### WHAT THE TASK REQUIRES
If a line in the records below contains "Series", copy that line.

### TASK INPUTS
★ ★ ★ ★ ★

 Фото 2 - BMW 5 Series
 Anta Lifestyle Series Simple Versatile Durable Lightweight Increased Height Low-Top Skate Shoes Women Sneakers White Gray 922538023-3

★ ★ ★ ★ ★

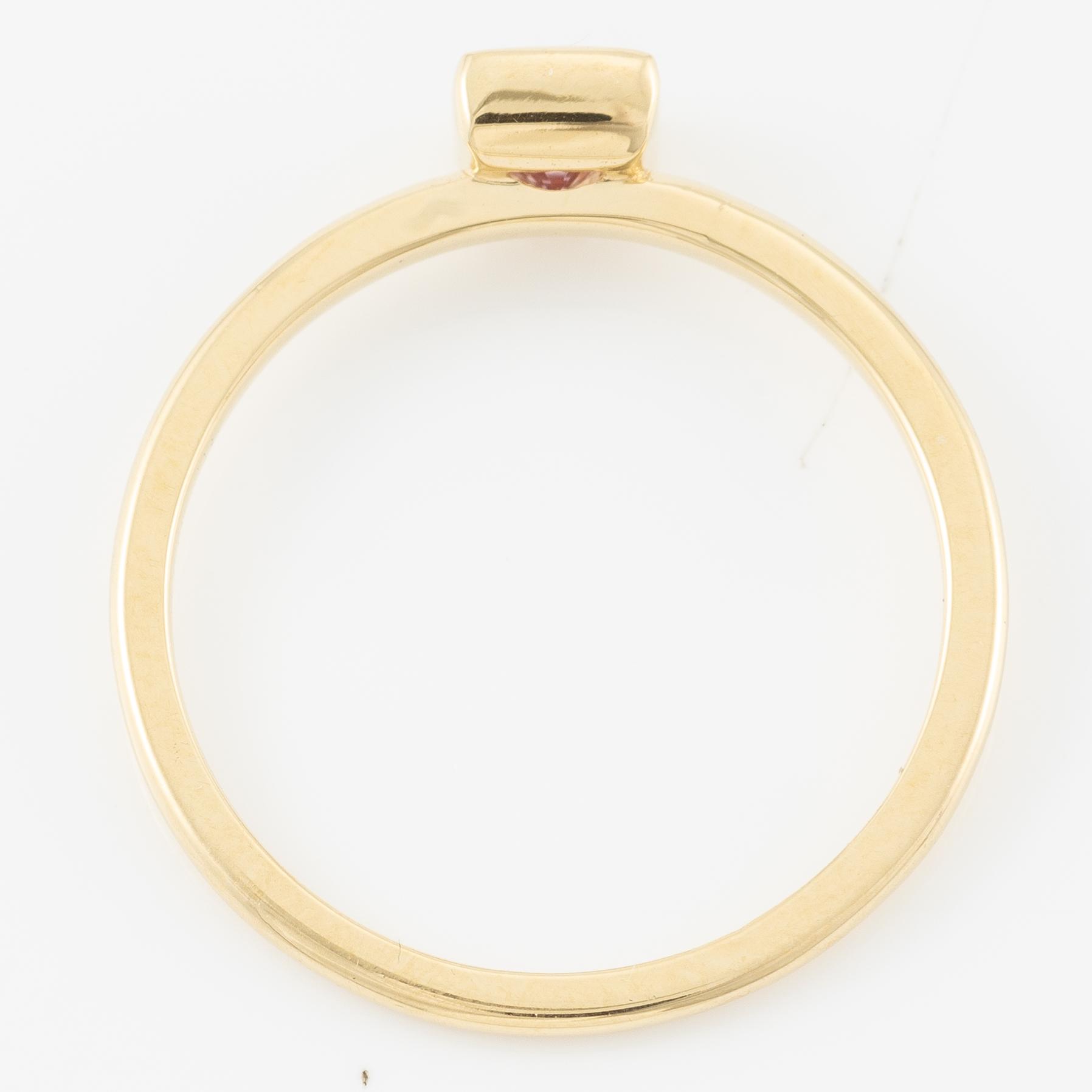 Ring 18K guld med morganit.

★ ★ ★ ★ ★

### WRITTEN RESPONSE
 Фото 2 - BMW 5 Series
 Anta Lifestyle Series Simple Versatile Durable Lightweight Increased Height Low-Top Skate Shoes Women Sneakers White Gray 922538023-3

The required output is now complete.